*** EXERCISE MATERIAL ***

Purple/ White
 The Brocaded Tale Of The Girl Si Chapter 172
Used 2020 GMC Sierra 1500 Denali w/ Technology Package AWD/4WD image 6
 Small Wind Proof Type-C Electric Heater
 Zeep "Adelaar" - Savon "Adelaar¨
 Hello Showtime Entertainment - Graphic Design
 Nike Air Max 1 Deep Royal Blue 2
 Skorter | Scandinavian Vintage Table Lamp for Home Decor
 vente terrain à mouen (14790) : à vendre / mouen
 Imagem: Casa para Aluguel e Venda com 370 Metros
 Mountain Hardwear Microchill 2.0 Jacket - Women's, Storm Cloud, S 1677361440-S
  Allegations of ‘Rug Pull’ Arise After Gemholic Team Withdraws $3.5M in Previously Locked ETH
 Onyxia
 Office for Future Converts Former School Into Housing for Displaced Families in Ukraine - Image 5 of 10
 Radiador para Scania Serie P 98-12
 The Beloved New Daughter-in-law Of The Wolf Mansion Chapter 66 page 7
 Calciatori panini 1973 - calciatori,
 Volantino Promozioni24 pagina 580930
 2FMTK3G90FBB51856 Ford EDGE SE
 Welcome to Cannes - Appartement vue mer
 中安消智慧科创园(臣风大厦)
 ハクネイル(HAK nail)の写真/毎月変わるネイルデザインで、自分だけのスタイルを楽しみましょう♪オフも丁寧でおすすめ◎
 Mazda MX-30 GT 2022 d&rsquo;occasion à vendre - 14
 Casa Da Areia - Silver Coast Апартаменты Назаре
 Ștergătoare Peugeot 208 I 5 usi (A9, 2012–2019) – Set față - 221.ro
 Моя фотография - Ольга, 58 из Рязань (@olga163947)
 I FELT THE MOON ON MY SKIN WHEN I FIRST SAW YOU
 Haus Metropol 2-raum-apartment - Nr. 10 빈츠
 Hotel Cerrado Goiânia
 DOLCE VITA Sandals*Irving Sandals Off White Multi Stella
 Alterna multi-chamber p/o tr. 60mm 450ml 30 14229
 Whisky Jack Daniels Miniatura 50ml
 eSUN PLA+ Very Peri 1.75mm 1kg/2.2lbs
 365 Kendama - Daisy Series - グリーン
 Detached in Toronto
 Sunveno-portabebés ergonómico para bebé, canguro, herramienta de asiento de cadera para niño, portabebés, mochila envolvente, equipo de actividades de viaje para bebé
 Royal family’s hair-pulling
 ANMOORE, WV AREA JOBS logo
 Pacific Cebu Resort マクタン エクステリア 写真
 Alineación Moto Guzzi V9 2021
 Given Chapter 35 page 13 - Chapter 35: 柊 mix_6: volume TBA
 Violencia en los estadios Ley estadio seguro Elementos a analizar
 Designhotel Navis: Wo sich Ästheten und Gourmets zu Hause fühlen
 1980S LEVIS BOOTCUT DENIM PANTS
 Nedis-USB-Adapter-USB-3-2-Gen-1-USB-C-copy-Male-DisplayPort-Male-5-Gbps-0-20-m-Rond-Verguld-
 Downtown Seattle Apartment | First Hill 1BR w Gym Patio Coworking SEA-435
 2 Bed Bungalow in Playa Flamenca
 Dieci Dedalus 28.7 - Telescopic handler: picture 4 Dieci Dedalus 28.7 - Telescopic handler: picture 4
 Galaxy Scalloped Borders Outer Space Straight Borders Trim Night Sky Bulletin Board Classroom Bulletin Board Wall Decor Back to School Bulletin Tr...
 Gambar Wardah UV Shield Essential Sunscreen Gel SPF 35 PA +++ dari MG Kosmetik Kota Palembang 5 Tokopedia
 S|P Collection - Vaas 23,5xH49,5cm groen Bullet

*** End of EXERCISE MATERIAL ***

INSTRUCTIONS FOR THE TASK — What is needed is an exact repetition of all the entries above.

ANSWER BOX —
Purple/ White
 The Brocaded Tale Of The Girl Si Chapter 172
Used 2020 GMC Sierra 1500 Denali w/ Technology Package AWD/4WD image 6
 Small Wind Proof Type-C Electric Heater
 Zeep "Adelaar" - Savon "Adelaar¨
 Hello Showtime Entertainment - Graphic Design
 Nike Air Max 1 Deep Royal Blue 2
 Skorter | Scandinavian Vintage Table Lamp for Home Decor
 vente terrain à mouen (14790) : à vendre / mouen
 Imagem: Casa para Aluguel e Venda com 370 Metros
 Mountain Hardwear Microchill 2.0 Jacket - Women's, Storm Cloud, S 1677361440-S
  Allegations of ‘Rug Pull’ Arise After Gemholic Team Withdraws $3.5M in Previously Locked ETH
 Onyxia
 Office for Future Converts Former School Into Housing for Displaced Families in Ukraine - Image 5 of 10
 Radiador para Scania Serie P 98-12
 The Beloved New Daughter-in-law Of The Wolf Mansion Chapter 66 page 7
 Calciatori panini 1973 - calciatori,
 Volantino Promozioni24 pagina 580930
 2FMTK3G90FBB51856 Ford EDGE SE
 Welcome to Cannes - Appartement vue mer
 中安消智慧科创园(臣风大厦)
 ハクネイル(HAK nail)の写真/毎月変わるネイルデザインで、自分だけのスタイルを楽しみましょう♪オフも丁寧でおすすめ◎
 Mazda MX-30 GT 2022 d&rsquo;occasion à vendre - 14
 Casa Da Areia - Silver Coast Апартаменты Назаре
 Ștergătoare Peugeot 208 I 5 usi (A9, 2012–2019) – Set față - 221.ro
 Моя фотография - Ольга, 58 из Рязань (@olga163947)
 I FELT THE MOON ON MY SKIN WHEN I FIRST SAW YOU
 Haus Metropol 2-raum-apartment - Nr. 10 빈츠
 Hotel Cerrado Goiânia
 DOLCE VITA Sandals*Irving Sandals Off White Multi Stella
 Alterna multi-chamber p/o tr. 60mm 450ml 30 14229
 Whisky Jack Daniels Miniatura 50ml
 eSUN PLA+ Very Peri 1.75mm 1kg/2.2lbs
 365 Kendama - Daisy Series - グリーン
 Detached in Toronto
 Sunveno-portabebés ergonómico para bebé, canguro, herramienta de asiento de cadera para niño, portabebés, mochila envolvente, equipo de actividades de viaje para bebé
 Royal family’s hair-pulling
 ANMOORE, WV AREA JOBS logo
 Pacific Cebu Resort マクタン エクステリア 写真
 Alineación Moto Guzzi V9 2021
 Given Chapter 35 page 13 - Chapter 35: 柊 mix_6: volume TBA
 Violencia en los estadios Ley estadio seguro Elementos a analizar
 Designhotel Navis: Wo sich Ästheten und Gourmets zu Hause fühlen
 1980S LEVIS BOOTCUT DENIM PANTS
 Nedis-USB-Adapter-USB-3-2-Gen-1-USB-C-copy-Male-DisplayPort-Male-5-Gbps-0-20-m-Rond-Verguld-
 Downtown Seattle Apartment | First Hill 1BR w Gym Patio Coworking SEA-435
 2 Bed Bungalow in Playa Flamenca
 Dieci Dedalus 28.7 - Telescopic handler: picture 4 Dieci Dedalus 28.7 - Telescopic handler: picture 4
 Galaxy Scalloped Borders Outer Space Straight Borders Trim Night Sky Bulletin Board Classroom Bulletin Board Wall Decor Back to School Bulletin Tr...
 Gambar Wardah UV Shield Essential Sunscreen Gel SPF 35 PA +++ dari MG Kosmetik Kota Palembang 5 Tokopedia
 S|P Collection - Vaas 23,5xH49,5cm groen Bullet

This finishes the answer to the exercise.